Networking. We’ve talked about its importance before. If Hollywood is about relationships, what the hell are you doing in Iowa? Or Texas? Or Rhode Island? How are you going to meet the people you have to meet, take meetings, etc? Is it necessary to live in L.A?

While that question can be debated, what cannot is the necessity of networking, wherever you live. Here’s a quick story to illustrate:

HOW I ENDED UP IN THE BACK ROOM OF CHICAGO FILMMAKERS

I quit my job dealing craps on the casino boat to make my movie Jane Doe. I didn’t mind…at all.

To know why is to know Aurora, Illinois. Movie home of Wayne and Garth, the city looks like a Hollywood conception of a Smalltown U.S.A.

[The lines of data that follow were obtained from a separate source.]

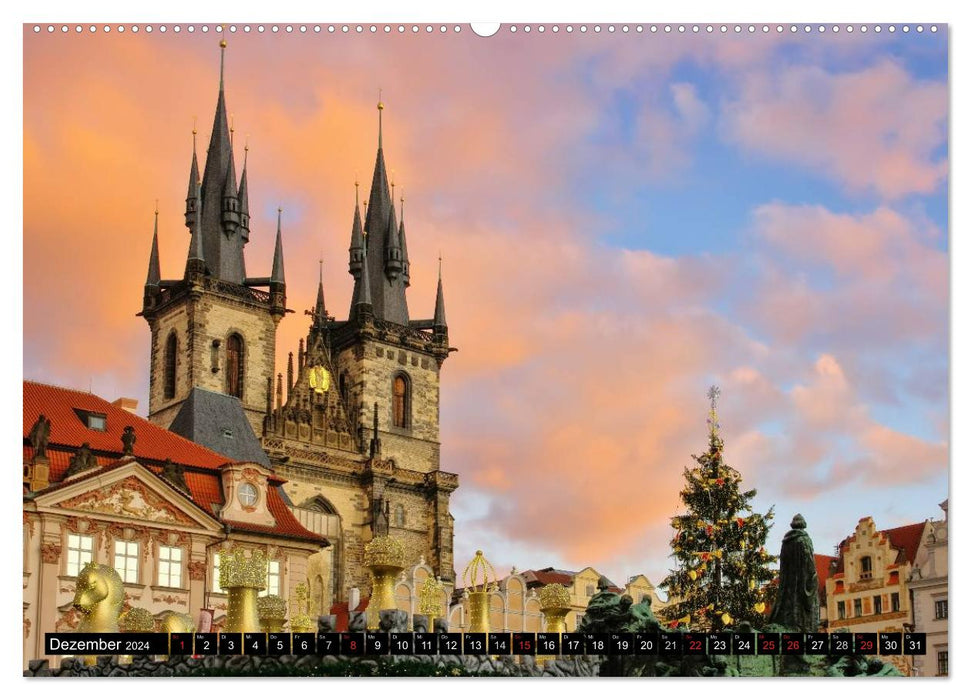 Tschechien (CALVENDO Wandkalender 2024)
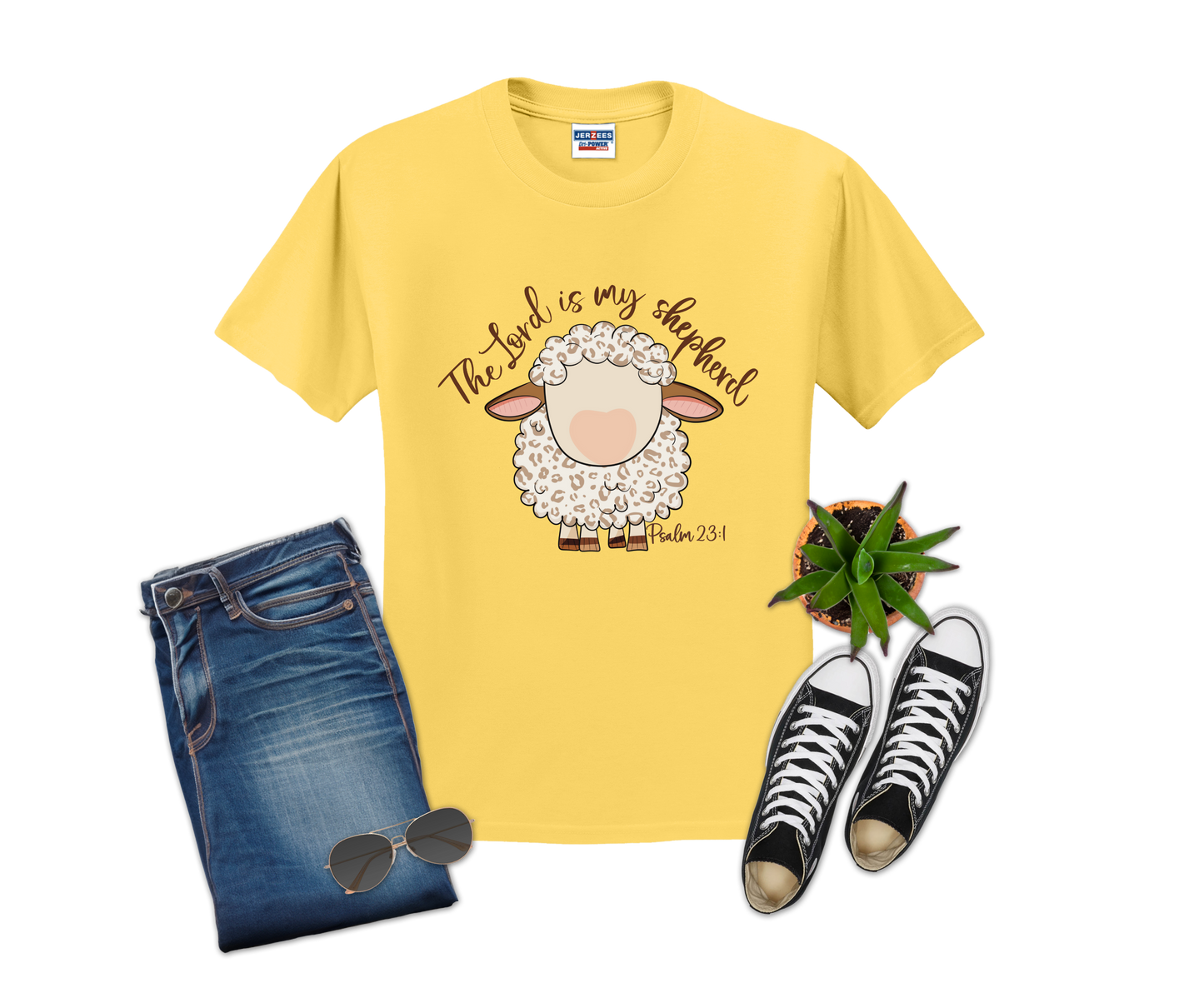 The lord is my shepard TSHIRT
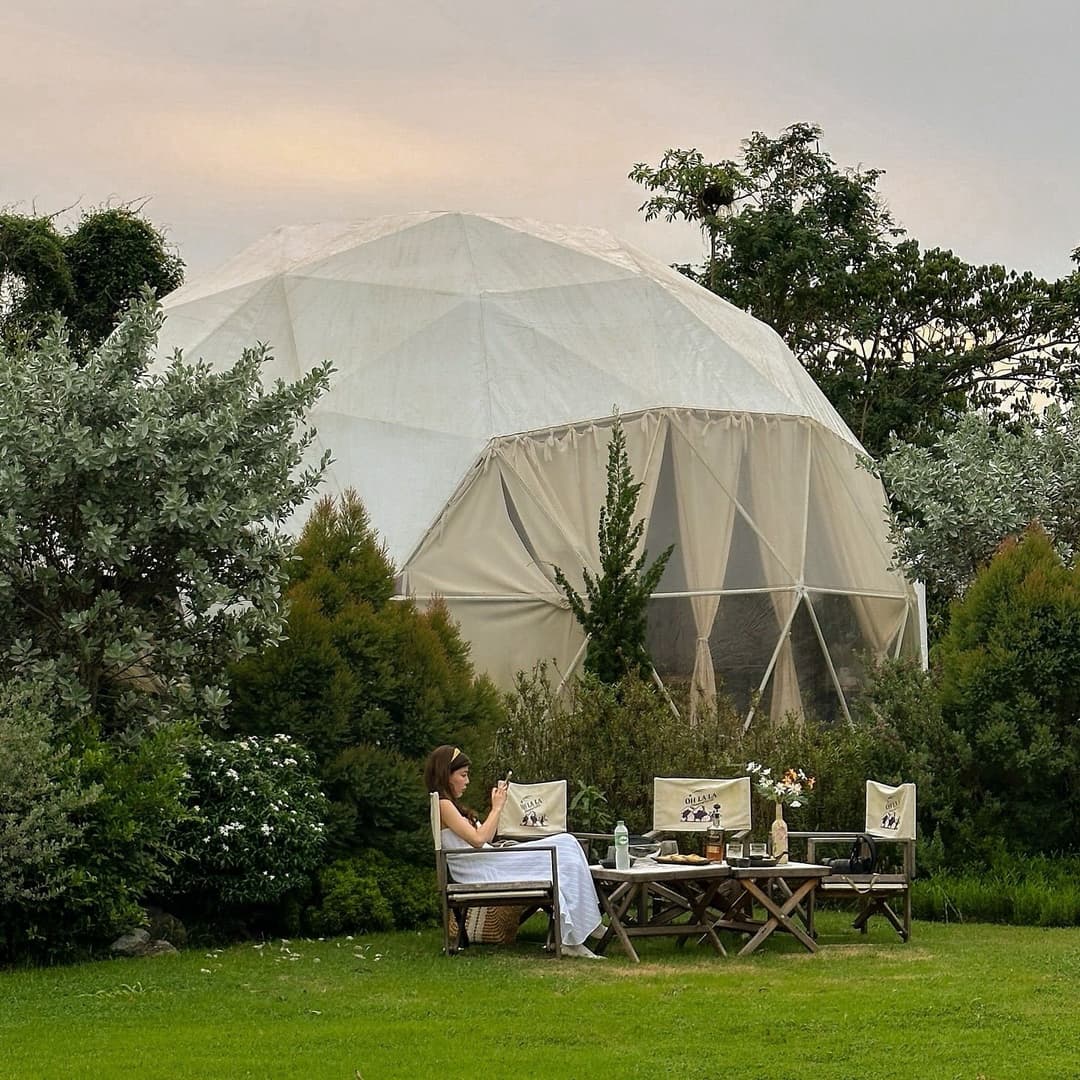 โอ ลา ลา แกลมปิ้ง (Oh La La Glamping)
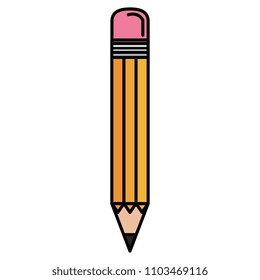 pencil graphite isolated icon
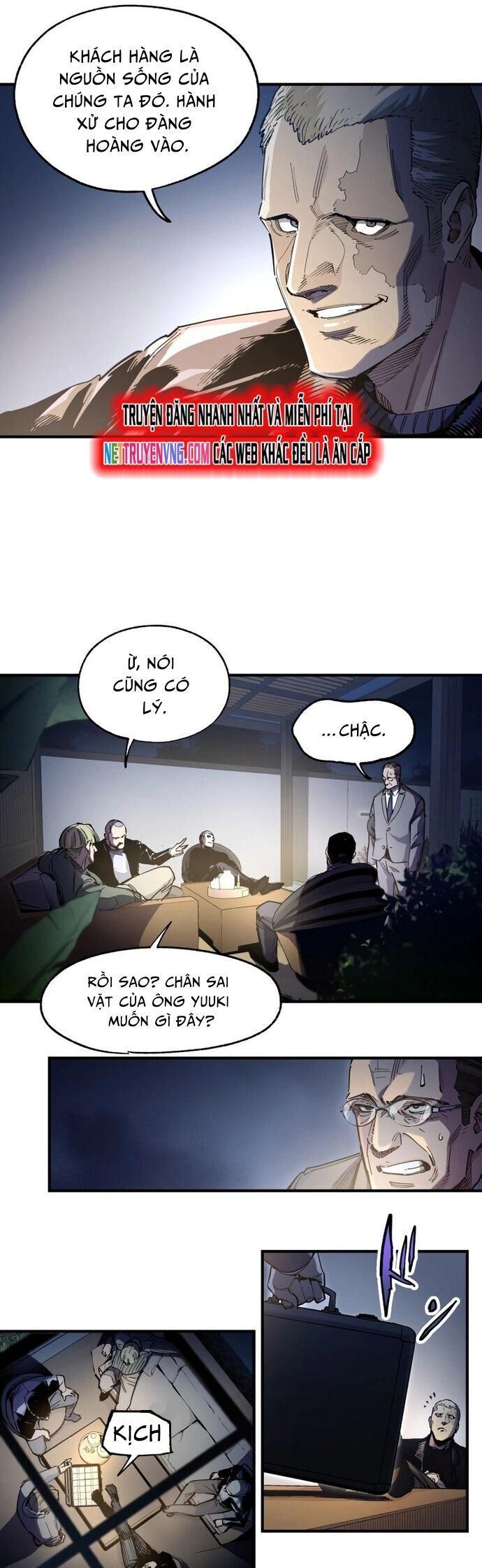 Hắc Triều Chapter 20 - 12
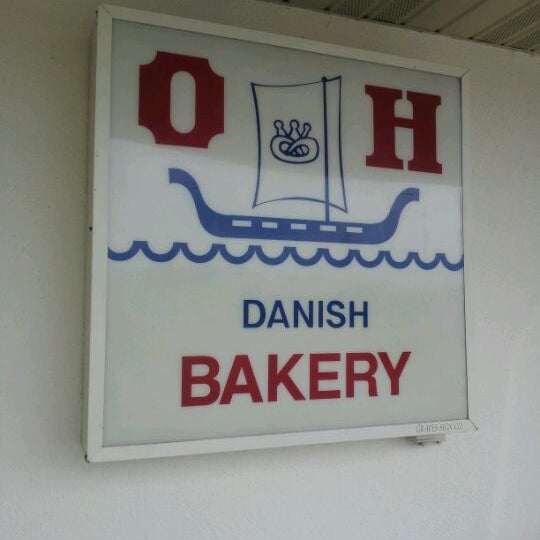Photo taken at O&amp;H Danish Bakery by Peter D. on 5/29/2012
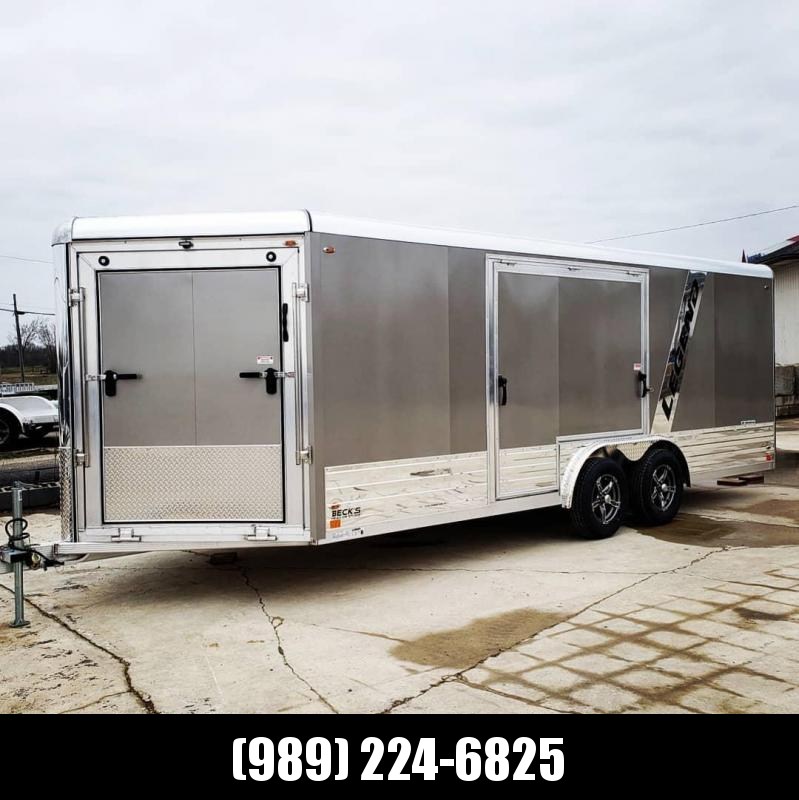 New 2022 Legend Trailers 8' X 24' Deluxe Snowmobile/All Sport Trailer - ARRIVING THIS FALL - RESERVE YOURS TODAY FOR THE BEST SELECTION New 2022 Legend Trailers 8' X 24' Deluxe Snowmobile/All Sport Trailer - ARRIVING THIS FALL - RESERVE YOURS TODAY FOR THE BEST SELECTION
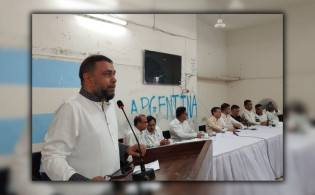মুহসিন হল এলামনাই এসোসিয়েশন আহ্বায়ক কমিটির সৌজন্য সাক্ষাৎ ও মতবিনিময় সভা অনুষ্ঠিত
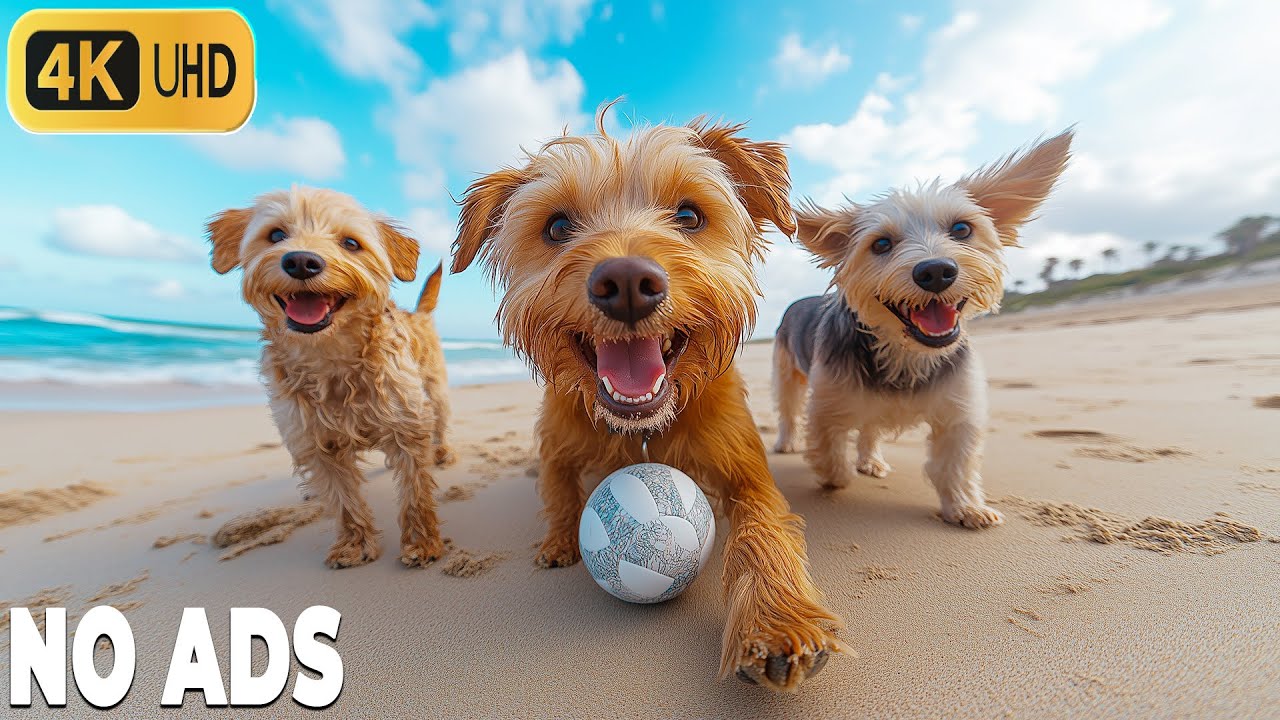 Relaxing Music for Dogs 🌈💖 Stress Relief & Calming Music 🎵 Help Dog Separation Anxiety 🐶 No Ads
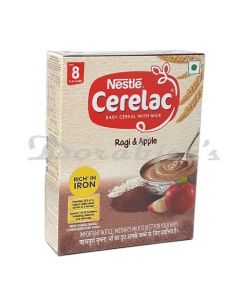 CERELAC STAGE 2 RAGI APPLE 300G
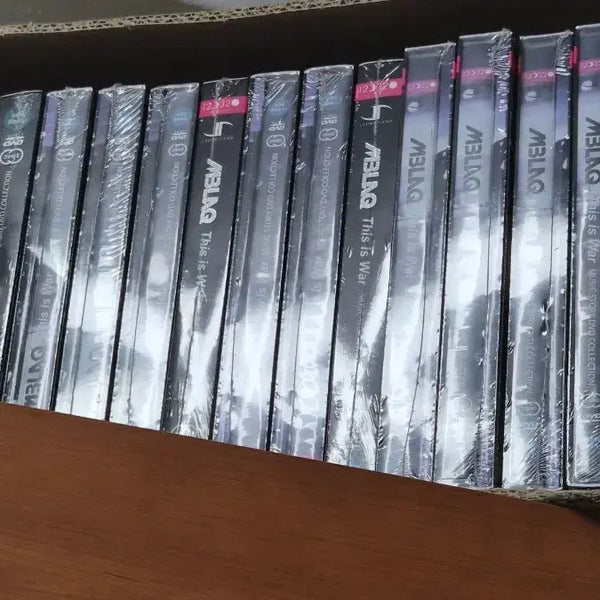 [BUNJANG] MBLAQ This Is War DVD Collection Full Set / 엠블랙 This is War DVD 컬렉션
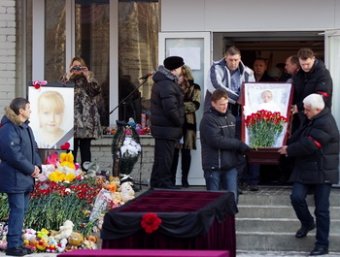 Проститься с убитой Василисой Галицыной приехали люди со всей России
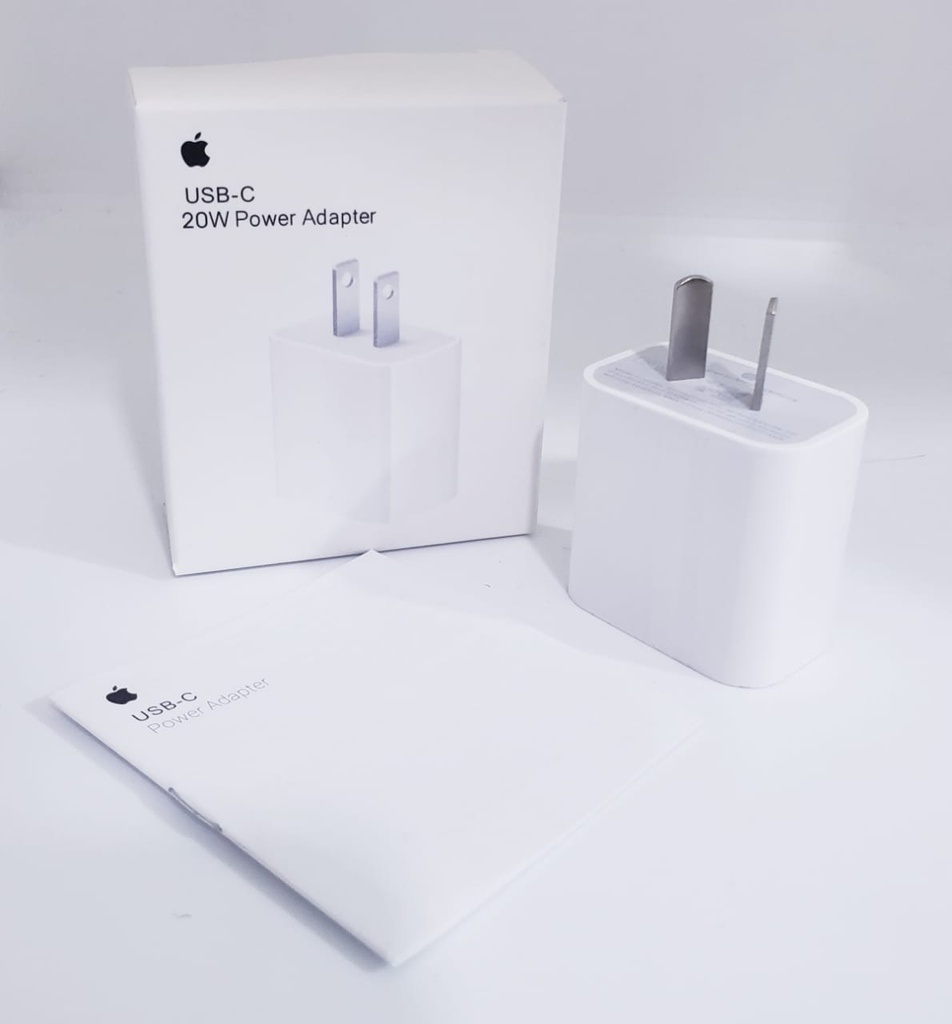 Cabezal Lightning Iphone 20W Usb C (toma argentina)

There is no street crime in Wayne’s World. Nor are there twenty five-below zero windchills on November nights. Nor 2 a.m. mornings where the casino boat gangplank comes down and the Zombieland-like, pajama-wearing dregs of the earth stagger aboard, clutching handfuls of quarters for the quarter slots.

Little known fact: Degenerate gamblers in Illinois have the world’s worst fashion-sense, outdoing even the notorious “blue-haired” grannies of Atlantic City. My exit from the craps pit in Aurora, Illinois was downright cause for celebration.

Jane Doe was shot in 18 days. Returning home without a gig, I ended up working on a Christmas tree lot. I liked this manly job– cutting down trees, tying them to cars, knowing the difference between Scots Pine and Douglas Fir. Manly!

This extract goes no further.